Records for this task:
- Opening Delimiter -

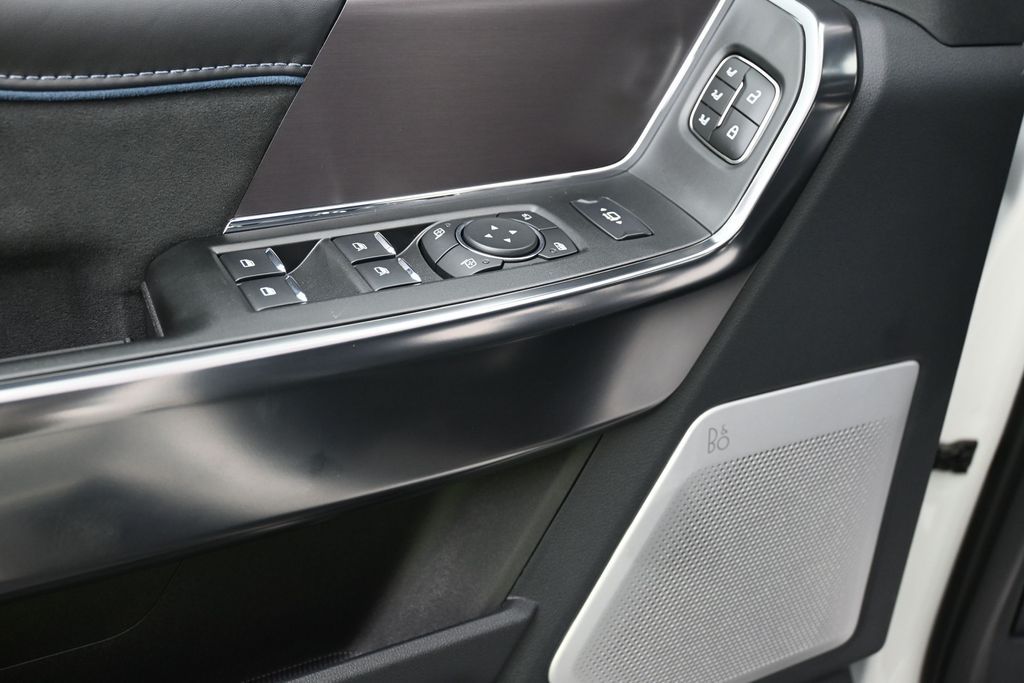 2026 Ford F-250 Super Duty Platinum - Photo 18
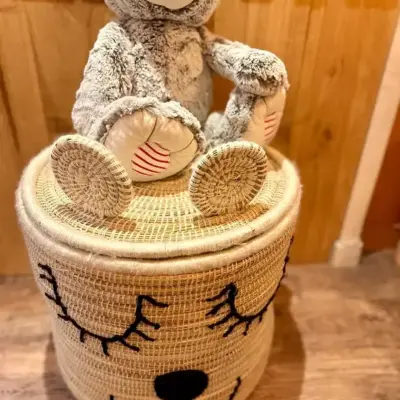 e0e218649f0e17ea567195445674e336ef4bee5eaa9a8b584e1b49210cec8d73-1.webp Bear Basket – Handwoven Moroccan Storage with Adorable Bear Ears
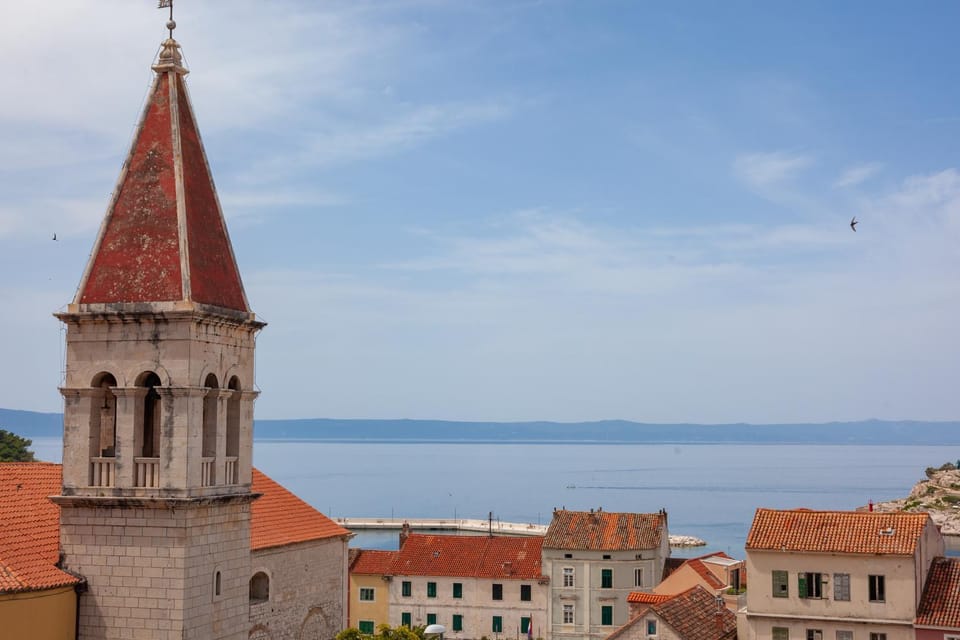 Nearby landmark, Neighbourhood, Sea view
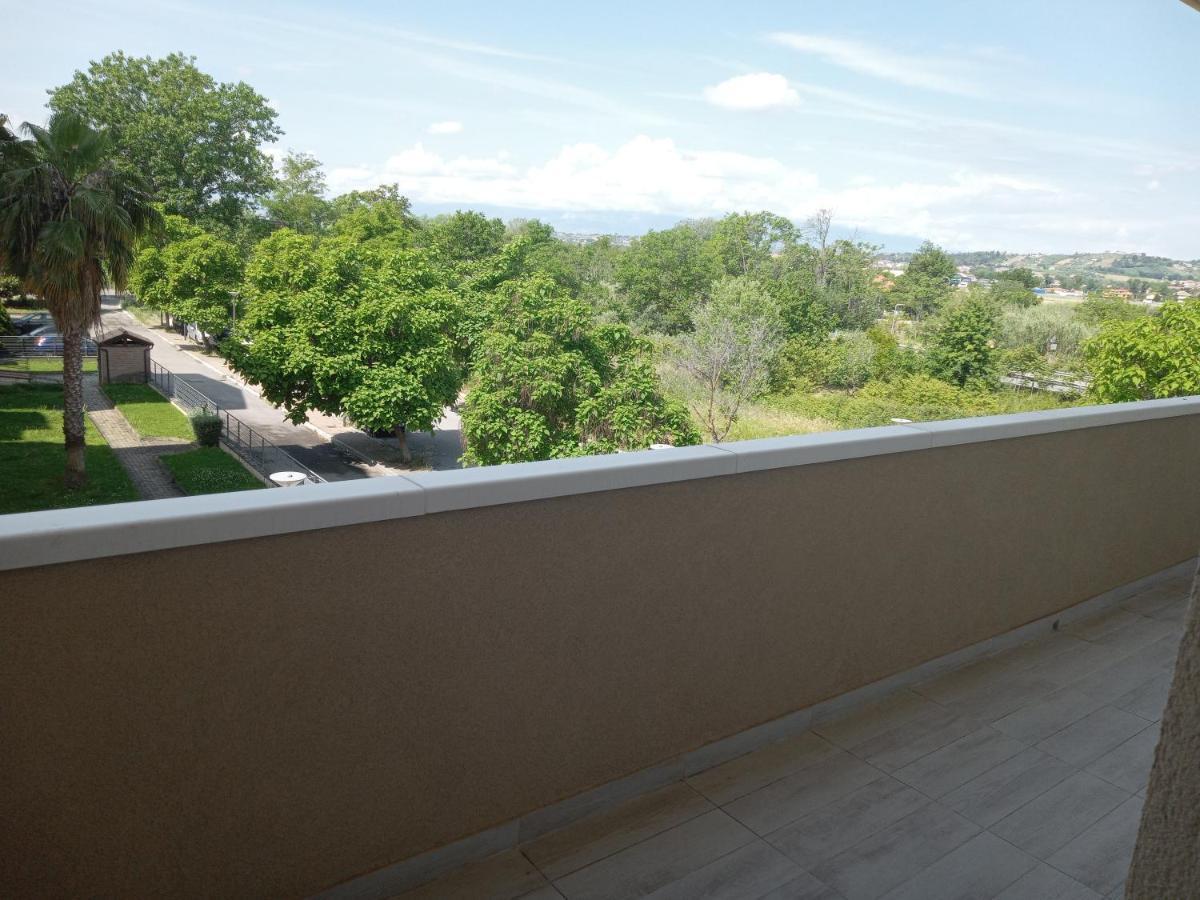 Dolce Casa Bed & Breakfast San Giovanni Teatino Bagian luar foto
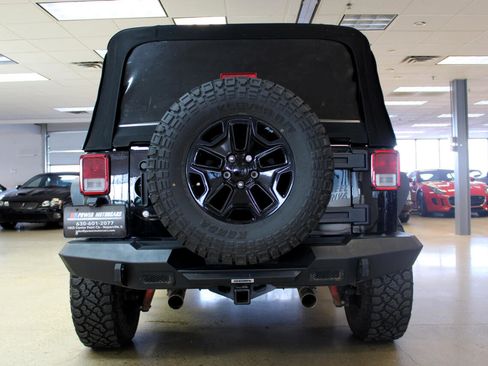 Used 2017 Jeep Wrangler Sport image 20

- Closing Delimiter -
- Opening Delimiter -

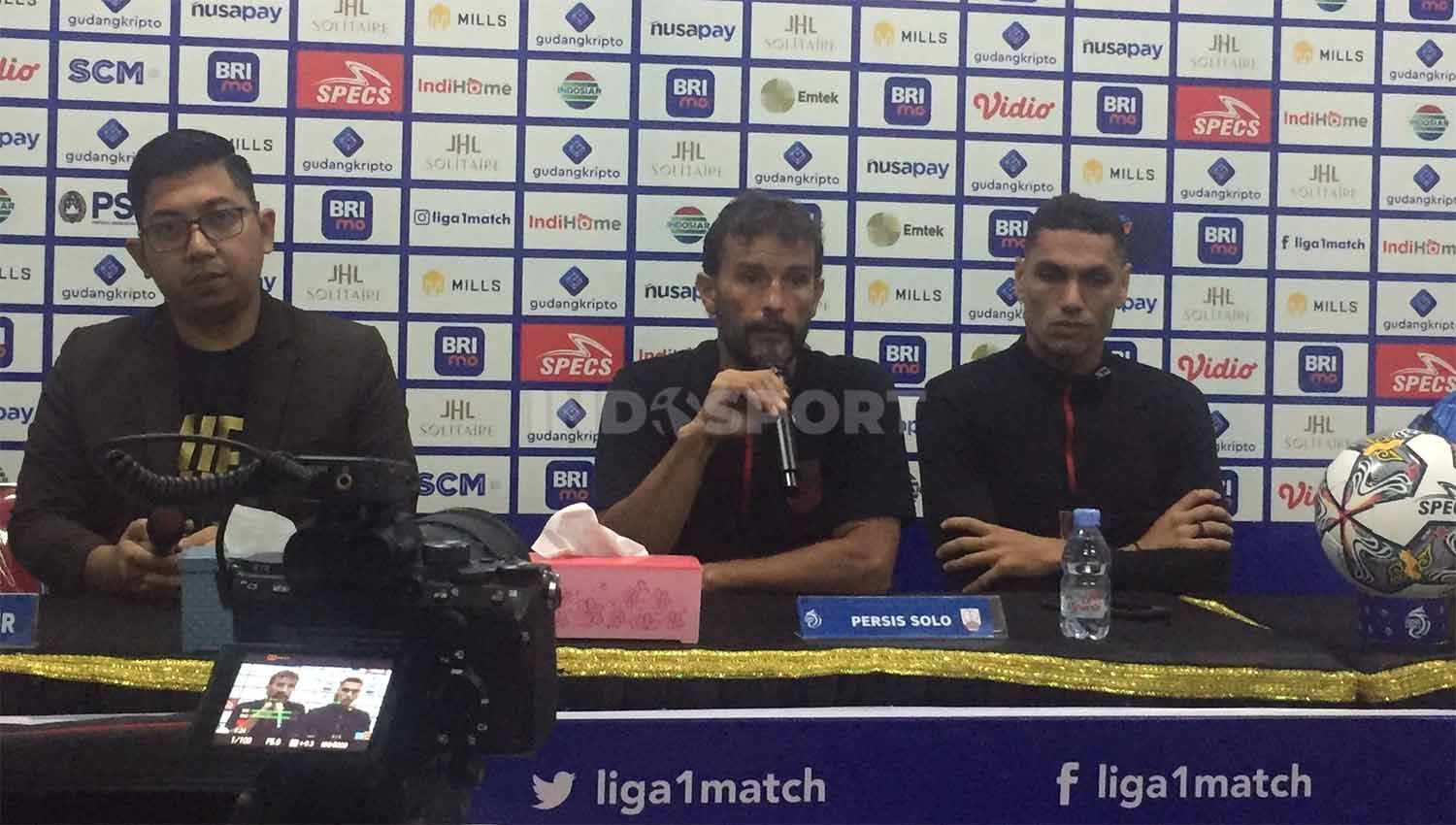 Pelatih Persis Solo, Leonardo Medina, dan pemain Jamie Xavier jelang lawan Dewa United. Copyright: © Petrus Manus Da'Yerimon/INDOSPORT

- Closing Delimiter -

Exercise details: Beginning at the line above that contains "2026 Ford F-250", repeat each line exactly through the one that contains "Used 2017 Jeep Wrangler Sport image 20", and leave out the pictures.

Finished exercise:
 2026 Ford F-250 Super Duty Platinum - Photo 18
 e0e218649f0e17ea567195445674e336ef4bee5eaa9a8b584e1b49210cec8d73-1.webp Bear Basket – Handwoven Moroccan Storage with Adorable Bear Ears
 Nearby landmark, Neighbourhood, Sea view
 Dolce Casa Bed & Breakfast San Giovanni Teatino Bagian luar foto
 Used 2017 Jeep Wrangler Sport image 20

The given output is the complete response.